Only the stretch below from the line holding "Gyufise 24Pcs Happy" through the line holding "The image displays" should be restated, word for word and with both ends included; pictures stay out.

→ Provided records
◇ ◇ ◇ ◇ ◇ ◇ ◇
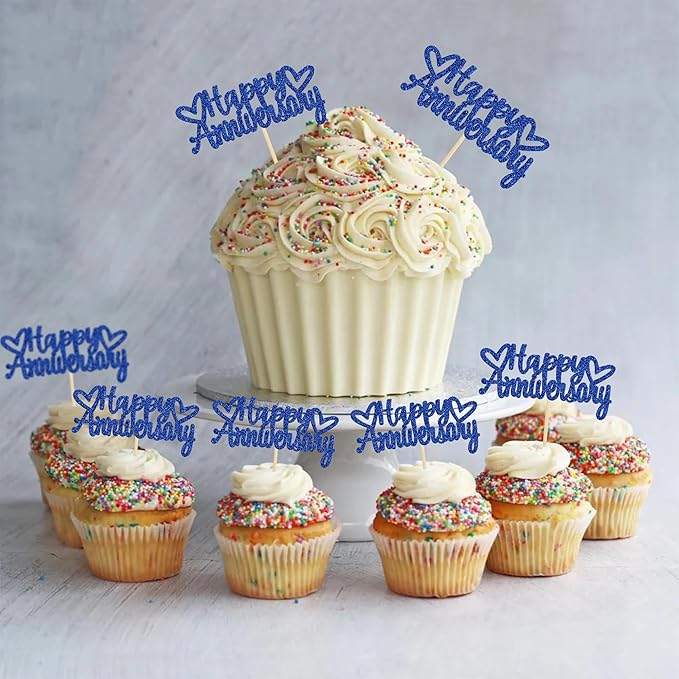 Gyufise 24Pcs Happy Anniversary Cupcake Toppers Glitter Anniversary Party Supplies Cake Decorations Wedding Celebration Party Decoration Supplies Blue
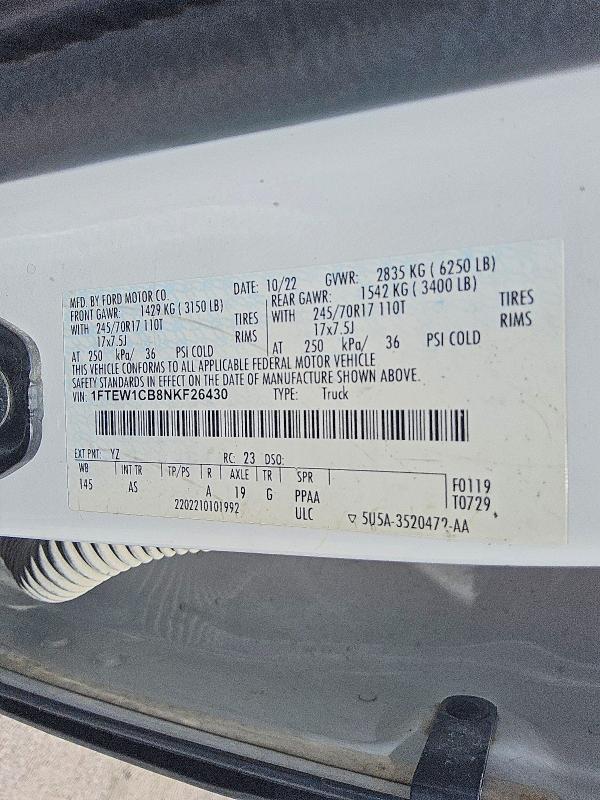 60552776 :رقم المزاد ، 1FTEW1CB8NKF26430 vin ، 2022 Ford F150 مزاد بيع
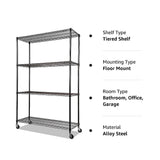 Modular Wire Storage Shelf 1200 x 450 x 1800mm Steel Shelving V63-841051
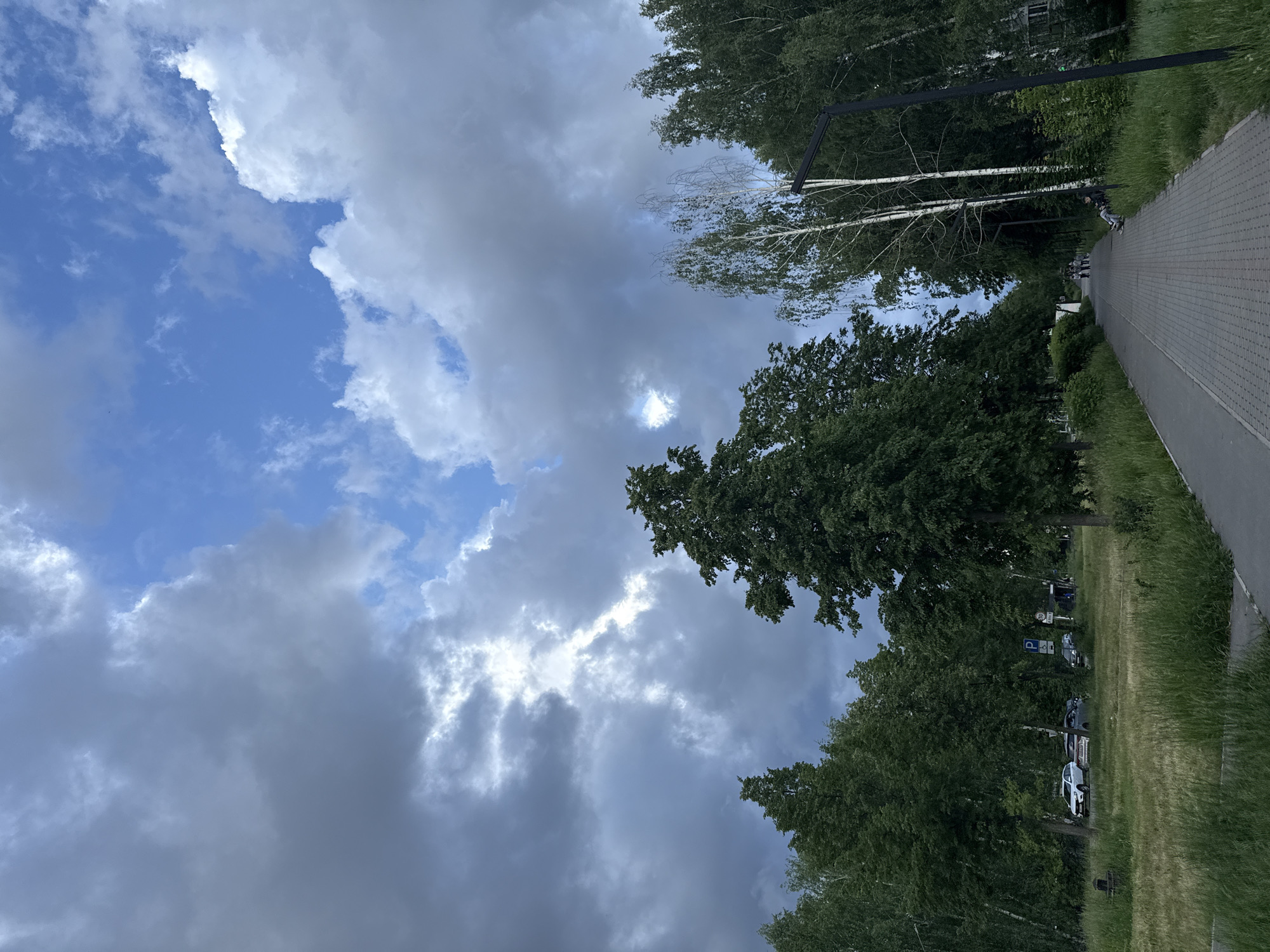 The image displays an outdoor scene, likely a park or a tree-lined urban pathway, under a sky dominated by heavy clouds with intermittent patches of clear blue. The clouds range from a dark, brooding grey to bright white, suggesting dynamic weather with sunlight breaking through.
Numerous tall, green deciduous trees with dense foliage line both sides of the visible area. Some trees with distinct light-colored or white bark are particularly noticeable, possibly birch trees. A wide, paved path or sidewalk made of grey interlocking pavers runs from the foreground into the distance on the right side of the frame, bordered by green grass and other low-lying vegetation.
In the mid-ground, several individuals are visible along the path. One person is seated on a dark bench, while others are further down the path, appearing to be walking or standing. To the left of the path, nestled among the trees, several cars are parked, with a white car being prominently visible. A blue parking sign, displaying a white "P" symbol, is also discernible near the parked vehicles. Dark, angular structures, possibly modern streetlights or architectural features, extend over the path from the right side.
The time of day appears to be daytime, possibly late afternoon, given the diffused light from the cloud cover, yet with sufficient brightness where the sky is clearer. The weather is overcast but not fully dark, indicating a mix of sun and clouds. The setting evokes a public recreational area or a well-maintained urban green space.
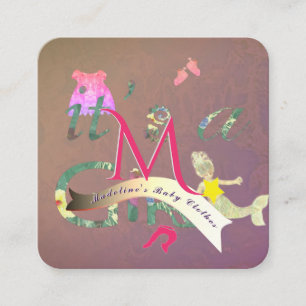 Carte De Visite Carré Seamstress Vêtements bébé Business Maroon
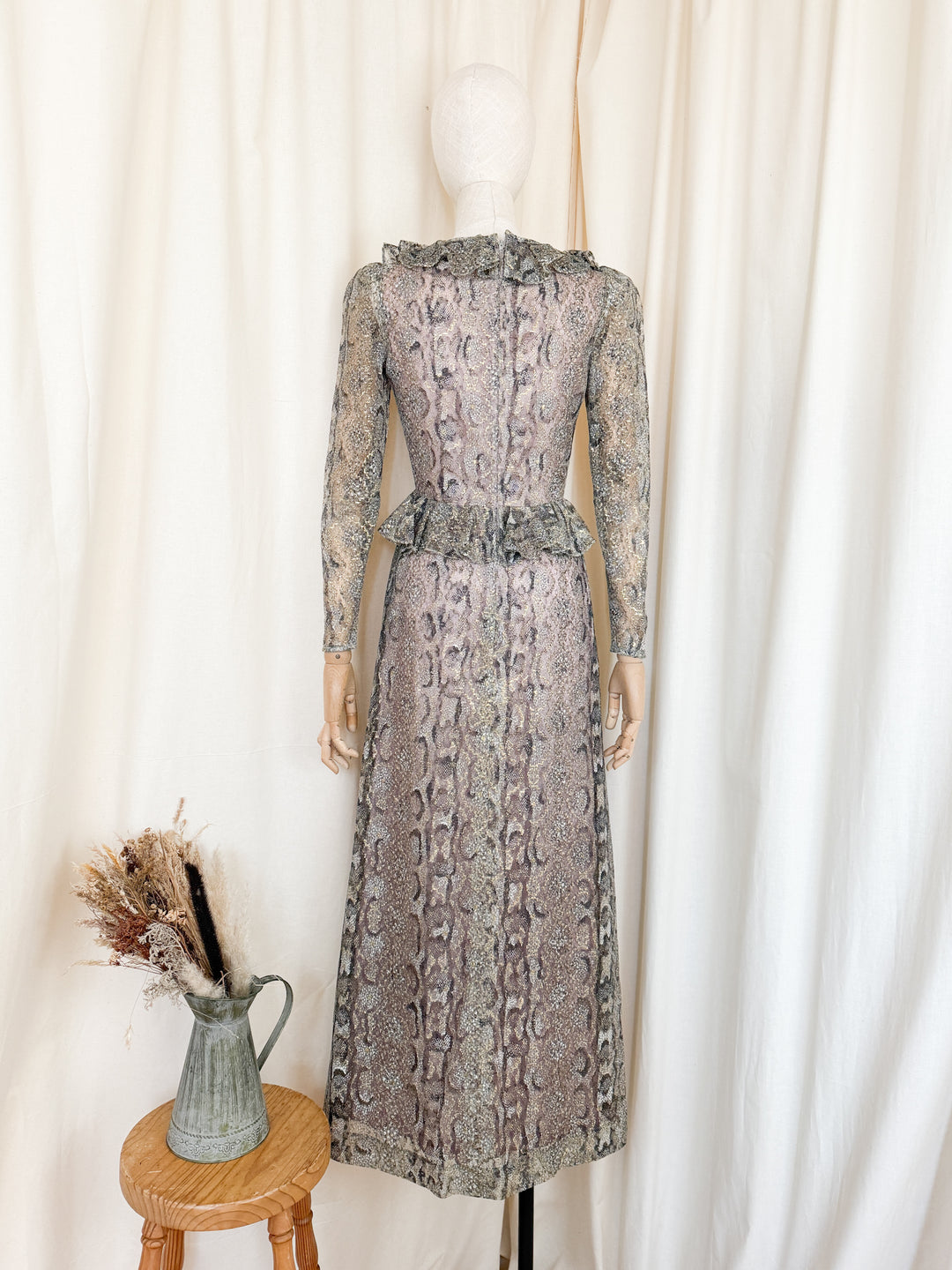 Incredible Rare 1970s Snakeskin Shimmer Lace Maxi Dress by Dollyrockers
◇ ◇ ◇ ◇ ◇ ◇ ◇
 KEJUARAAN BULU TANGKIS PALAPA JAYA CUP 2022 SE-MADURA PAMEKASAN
◇ ◇ ◇ ◇ ◇ ◇ ◇
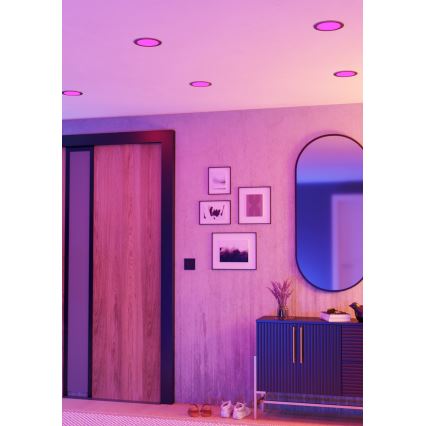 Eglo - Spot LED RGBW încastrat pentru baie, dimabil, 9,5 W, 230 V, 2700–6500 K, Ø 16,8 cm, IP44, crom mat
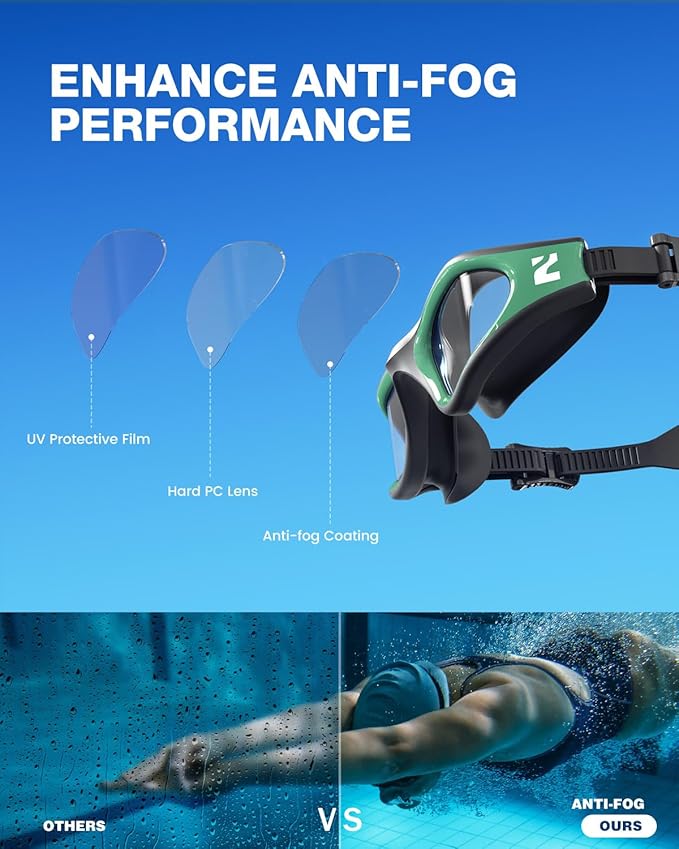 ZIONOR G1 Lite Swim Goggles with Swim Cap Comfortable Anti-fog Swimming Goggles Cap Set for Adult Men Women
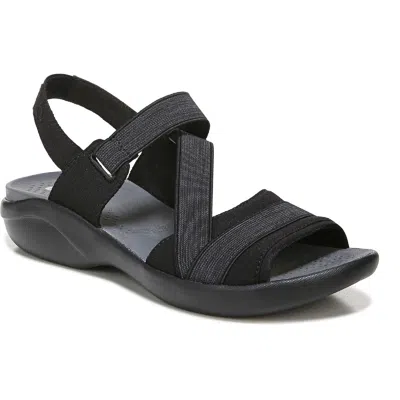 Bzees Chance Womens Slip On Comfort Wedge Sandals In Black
◇ ◇ ◇ ◇ ◇ ◇ ◇
→ Your solution
 Gyufise 24Pcs Happy Anniversary Cupcake Toppers Glitter Anniversary Party Supplies Cake Decorations Wedding Celebration Party Decoration Supplies Blue
 60552776 :رقم المزاد ، 1FTEW1CB8NKF26430 vin ، 2022 Ford F150 مزاد بيع
 Modular Wire Storage Shelf 1200 x 450 x 1800mm Steel Shelving V63-841051
 The image displays an outdoor scene, likely a park or a tree-lined urban pathway, under a sky dominated by heavy clouds with intermittent patches of clear blue. The clouds range from a dark, brooding grey to bright white, suggesting dynamic weather with sunlight breaking through.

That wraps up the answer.